In space, no one can hear you scream

I was reading a sci-fi book (not linked to the title of this post as it would be too obvious and by know I think you know me) set in a very far-away future where mankind is no more and what remains are a full nation of huge spaceships that have to deal with an extraterrestrial threat. Don’t worry, I won’t bother you with a summary of the two books and their more than 1,000 pages but get straight to the point (without teasing just in case) and to the tea.

At the end of it, two of the main protagonists are watching something happening above them and trying to figure out what to do and one of them drinks a liquid just before this small dialogue takes place (the translation being mine and only mine, all mistakes are also mine):

  • This infusion has a strange taste to it.

  • This is no “infusion”, it is tea. The drink of a civilisation that no longer is.

And then they keep on looking at the skies where a space battle is taking place and talking about what to do and what not to do.

Apart that I was delighted to see in a book I was reading someone thinking that tea would still be around in the future, which means that I am not the only one thinking about tea in the future (apart from a bunch of Stormtroopers), it made me think about a couple of things.

Even if there is no human around and probably because the protagonists were in a way created by human beings, they value the products of the different civilisations originating from Earth (or at least one of them and no it has nothing to do with the British Empire). This means that by saying “the drink of a civilisation that no longer is”, it puts tea above every other drink, giving it a quasi mythological status and enabling the two characters drinking it to access to a quasi “human being” status because they act like ones even though the last human disappeared a long time ago.

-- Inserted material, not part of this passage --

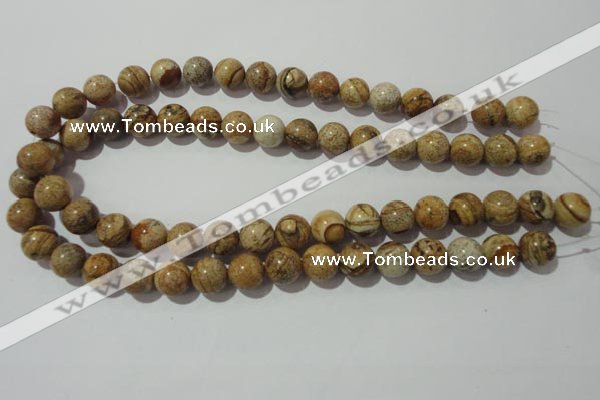 CPT454 15.5 inches 12mm round picture jasper beads wholesale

What I find even more interesting is that for the writer in the future (and we speak of thousands of years) and in spite of the fading memories of everything linked to human cultures, drinking tea is still linked to moments of calm, meditation… I know this is a personal view but it reminded me of the legends of Shennong or Bodhidharma discovering tea while or after meditating. Perhaps the author knew about this because one of his two protagonists, the older one, the one that knows abou tea was at some point in its history the gardener of a stone garden, a bit like the zen gardens, the ones that are designed to imitate the essence of nature and not nature itself in order to help the gardeners to meditate on life.

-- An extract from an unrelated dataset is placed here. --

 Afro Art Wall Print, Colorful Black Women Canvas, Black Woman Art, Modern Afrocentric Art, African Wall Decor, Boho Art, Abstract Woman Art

And the last interesting thought I had is that tea is indeed a civilized drink as it is used to foster conversation and to do it in a civilized way while contemplating a space battle with thousand of deaths. Does it give the people drinking it the capacity to absorb themselves into something else or does it have something to do with being drunk slowly over and over, which makes people more likely to try to do something like small talk while waiting for the next gulp? Does it bring people to another plan of existence that makes them more gentle and likely to talk?

Because of what I wrote before and the thoughts these few lines brought to my mind, I couldn’t picture any other drink that could do the trick but perhaps I am biased. So tell me if you share this analysis or if I am completely wrong.

But beware of who or what might be roaming in space and in the far away future as “in space, no one can hear you scream” and I highly doubt tea will be able to save you.